Exercise brief:
In the material below, the lines between the one holding "Tuinkast 50x55x115 cm poly rattan beige" and the one holding "- Sku: O076392", inclusive, are to be set down word for word. Pictures stay out.

Data:

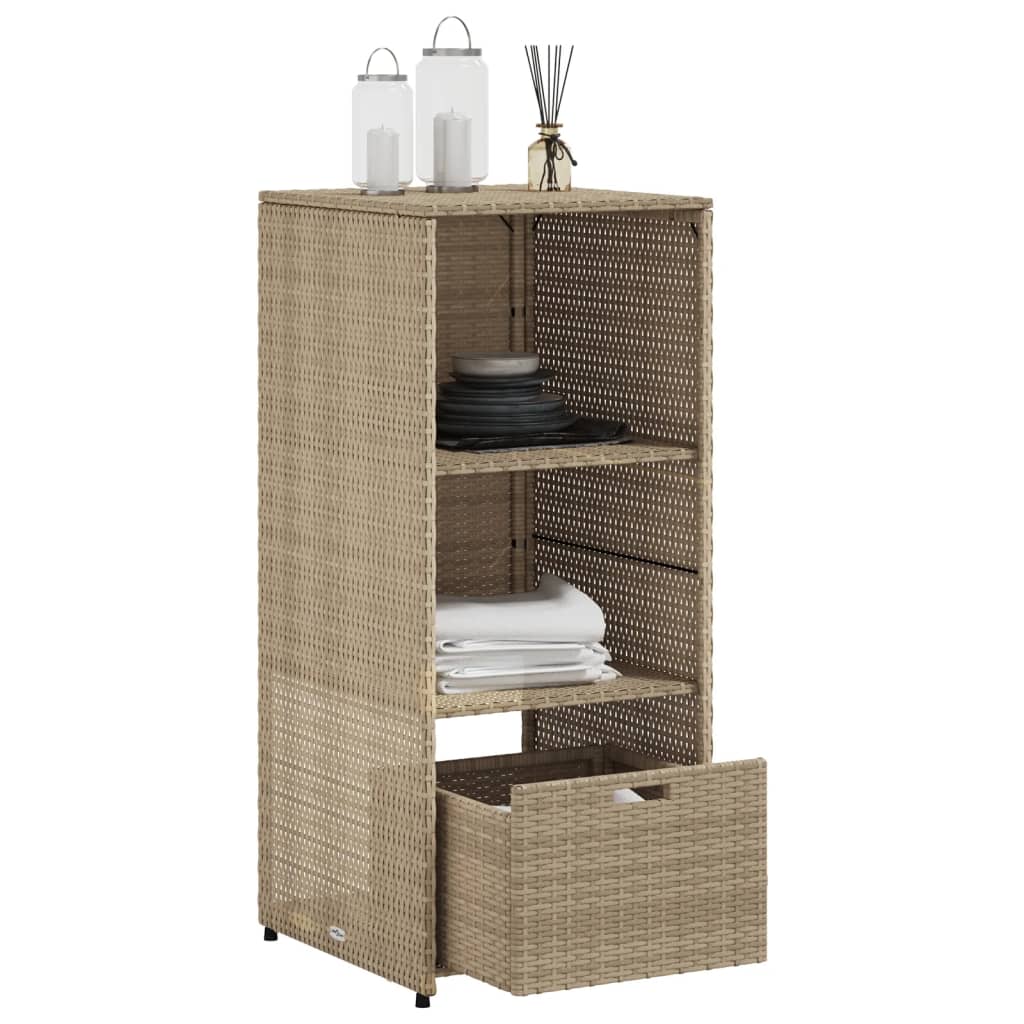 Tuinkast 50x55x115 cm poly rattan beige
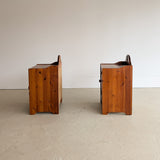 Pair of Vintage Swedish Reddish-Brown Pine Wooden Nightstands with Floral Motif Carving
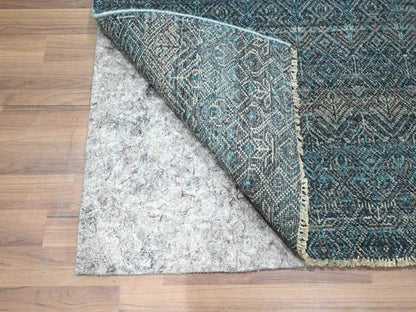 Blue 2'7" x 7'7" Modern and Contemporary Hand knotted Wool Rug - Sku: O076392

---

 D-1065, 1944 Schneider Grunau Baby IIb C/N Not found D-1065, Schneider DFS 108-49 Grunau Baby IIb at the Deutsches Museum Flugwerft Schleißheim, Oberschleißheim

Solution to this exercise:
 Tuinkast 50x55x115 cm poly rattan beige
 Pair of Vintage Swedish Reddish-Brown Pine Wooden Nightstands with Floral Motif Carving
 Blue 2'7" x 7'7" Modern and Contemporary Hand knotted Wool Rug - Sku: O076392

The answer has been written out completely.